Ephesians 4:11-16
One of the great joys of my life is being part of the church. And if I’m honest, one of the great pains of my life… is also the church. My guess is you’ve felt that tension too. Being part of a spiritual family can fill your heart one moment and frustrate it the next. You celebrate people’s greatest joys, and you walk with them through their deepest sorrows. But sometimes, we fall short, we let people down, we don’t show up well. It’s a reality of being a part of a community of people who are still in process.
Dietrich Bonhoeffer puts language to this tension better than almost anyone. In Life Together, he writes, “Those who love their dream of a Christian community more than the Christian community itself become destroyers of that Christian community… God hates visionary dreaming; it makes the dreamer proud and pretentious.” Then he adds that the one “who has become disillusioned with his community… begins to be what he should be in God’s sight.” In other words, the death of our idealized “wish-dream” of church isn’t a crisis, it’s the beginning of real community. When we stop demanding perfection, we can start learning how to love actual people.

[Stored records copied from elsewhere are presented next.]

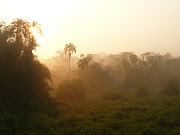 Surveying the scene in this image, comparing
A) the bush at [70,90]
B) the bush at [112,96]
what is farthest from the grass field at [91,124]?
the bush at [112,96]

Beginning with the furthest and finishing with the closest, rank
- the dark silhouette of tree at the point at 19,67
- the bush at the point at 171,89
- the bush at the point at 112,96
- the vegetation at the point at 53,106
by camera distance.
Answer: the bush at the point at 171,89
the bush at the point at 112,96
the dark silhouette of tree at the point at 19,67
the vegetation at the point at 53,106

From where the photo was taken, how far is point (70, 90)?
31172 millimetres

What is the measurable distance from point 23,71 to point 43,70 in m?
3.26

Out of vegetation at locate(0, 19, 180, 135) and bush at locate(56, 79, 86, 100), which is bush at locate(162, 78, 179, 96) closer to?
vegetation at locate(0, 19, 180, 135)

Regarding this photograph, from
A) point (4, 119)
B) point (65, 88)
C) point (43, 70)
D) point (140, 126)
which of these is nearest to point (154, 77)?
point (65, 88)

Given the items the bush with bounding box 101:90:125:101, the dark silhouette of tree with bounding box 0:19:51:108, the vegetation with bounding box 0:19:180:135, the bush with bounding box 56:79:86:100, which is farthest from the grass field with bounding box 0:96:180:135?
the bush with bounding box 101:90:125:101

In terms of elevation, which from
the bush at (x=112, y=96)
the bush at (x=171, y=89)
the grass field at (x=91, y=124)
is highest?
the bush at (x=171, y=89)

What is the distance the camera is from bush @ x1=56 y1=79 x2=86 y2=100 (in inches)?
1221

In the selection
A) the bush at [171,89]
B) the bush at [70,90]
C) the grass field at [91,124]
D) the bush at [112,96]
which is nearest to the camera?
the grass field at [91,124]

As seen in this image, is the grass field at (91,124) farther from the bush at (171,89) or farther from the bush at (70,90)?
the bush at (171,89)

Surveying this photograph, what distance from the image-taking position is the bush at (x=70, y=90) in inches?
1221

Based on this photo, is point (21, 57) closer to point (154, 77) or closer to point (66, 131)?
point (66, 131)

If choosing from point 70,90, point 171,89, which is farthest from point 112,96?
point 171,89

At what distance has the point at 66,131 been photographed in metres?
15.2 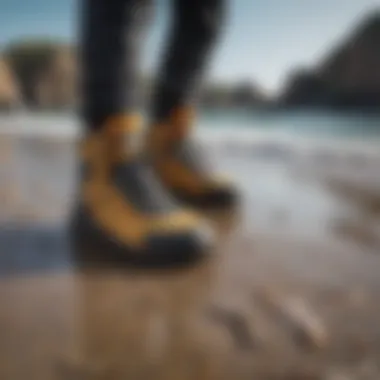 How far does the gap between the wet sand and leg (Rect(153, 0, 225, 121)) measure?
12 cm

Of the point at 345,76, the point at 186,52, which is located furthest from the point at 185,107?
the point at 345,76

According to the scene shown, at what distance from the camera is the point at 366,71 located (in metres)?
0.54

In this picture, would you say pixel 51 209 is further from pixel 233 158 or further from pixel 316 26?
pixel 316 26

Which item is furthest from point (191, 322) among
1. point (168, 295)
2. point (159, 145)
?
point (159, 145)

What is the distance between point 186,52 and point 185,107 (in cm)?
6

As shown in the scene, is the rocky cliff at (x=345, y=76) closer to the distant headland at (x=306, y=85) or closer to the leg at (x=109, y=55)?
the distant headland at (x=306, y=85)

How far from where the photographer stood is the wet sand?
0.41m

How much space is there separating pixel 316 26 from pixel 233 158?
232mm

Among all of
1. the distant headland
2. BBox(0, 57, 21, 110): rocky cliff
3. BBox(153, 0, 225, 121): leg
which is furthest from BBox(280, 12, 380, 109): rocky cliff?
BBox(0, 57, 21, 110): rocky cliff

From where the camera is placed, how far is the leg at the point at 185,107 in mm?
577

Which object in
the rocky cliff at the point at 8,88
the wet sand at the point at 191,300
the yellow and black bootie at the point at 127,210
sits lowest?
the wet sand at the point at 191,300

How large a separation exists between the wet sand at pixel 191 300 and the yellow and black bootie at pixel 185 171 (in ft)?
0.13

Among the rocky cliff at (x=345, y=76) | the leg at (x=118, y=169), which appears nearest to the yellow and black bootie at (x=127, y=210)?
the leg at (x=118, y=169)

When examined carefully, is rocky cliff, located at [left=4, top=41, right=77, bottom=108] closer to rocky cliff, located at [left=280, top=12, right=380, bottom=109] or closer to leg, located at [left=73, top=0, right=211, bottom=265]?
leg, located at [left=73, top=0, right=211, bottom=265] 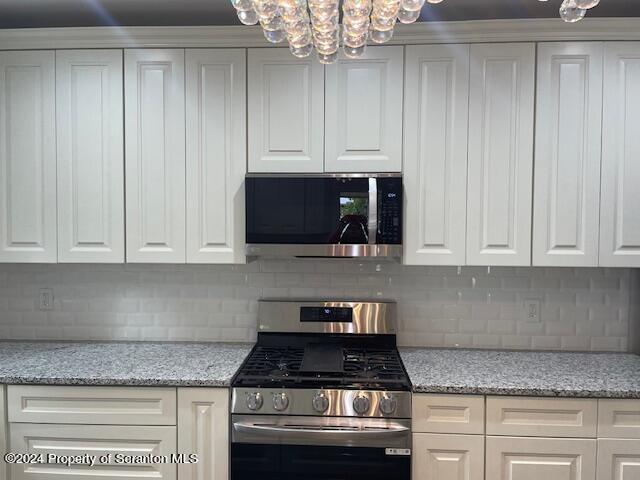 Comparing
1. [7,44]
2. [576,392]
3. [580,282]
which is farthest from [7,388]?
[580,282]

This is exactly the kind of community Paul described in Ephesians 4. He reminded us that spiritual maturity is never something we achieve alone; it’s something we grow into together. Christ gives apostles, prophets, evangelists, pastors, and teachers, not to perform the ministry for us, but to equip everyone for works of service. And when each member serves, encourages, forgives, speaks truth in love, and uses their God-given gifts, the whole body grows stronger and more like Jesus.
I love the picture of people being formed together. Not a collection of autonomous individuals, but a family learning how to grow up side-by-side. In a culture obsessed with individuality and independence, the gospel calls us into togetherness and interdependence. Jesus doesn’t just save individuals; He forms a people. And people grow by showing up for one another, by confessing sin, bearing burdens, sharpening each other, and reminding one another of grace.

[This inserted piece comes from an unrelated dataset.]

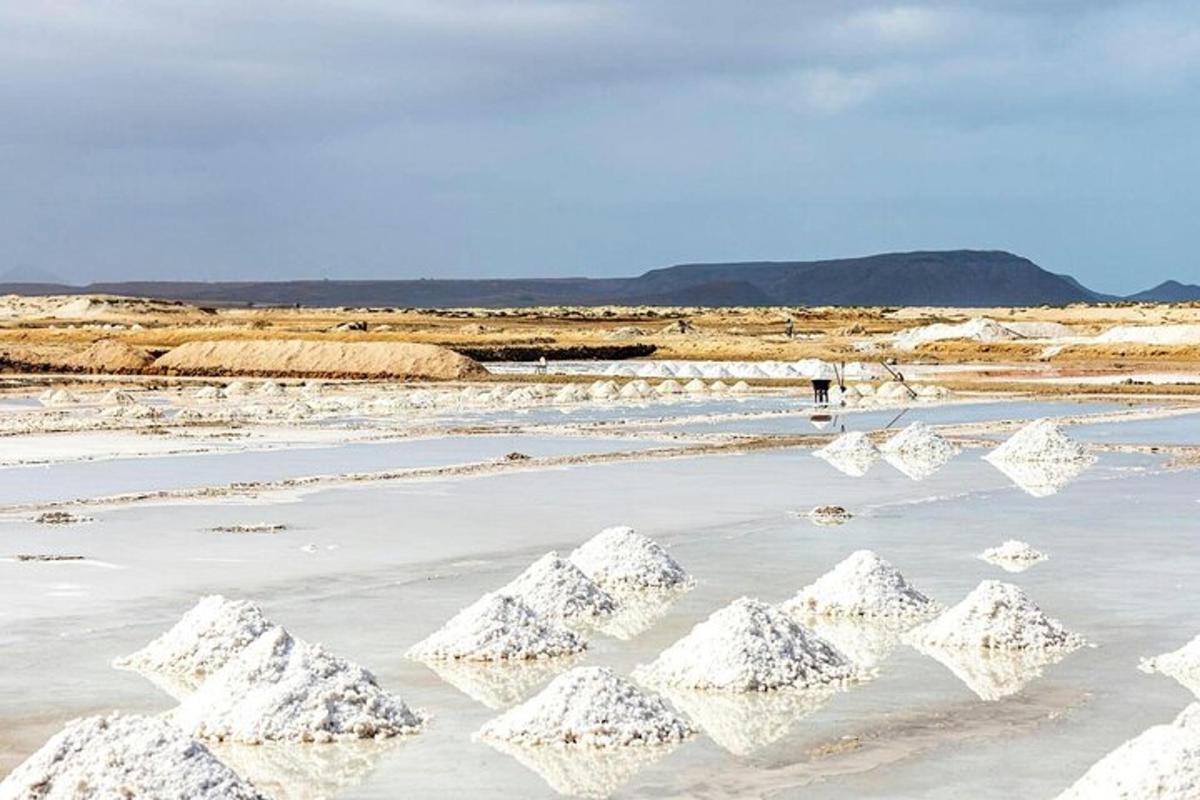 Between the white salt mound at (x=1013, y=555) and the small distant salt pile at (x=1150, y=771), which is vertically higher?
the small distant salt pile at (x=1150, y=771)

And because we are all people still in process, the church can be a painful place. But it’s the very place God intends to grow us. Community really is the classroom of transformation. It’s where we learn to encourage, forgive, share our pain, enter into vulnerability, and have hard conversations seasoned with truth and grace. It’s all part of the Spirit’s shaping work in us.
The goal isn’t a perfect church. In fact, if you find one, don’t join it because you’ll probably mess it up! No, the goal is a maturing church, a people increasingly shaped into the likeness of Christ, together. Today’s invitation is simple: show up again. Offer your gifts. Receive someone else’s. Forgive. Encourage. Lean in. Because this is how we grow up, not alone, but together.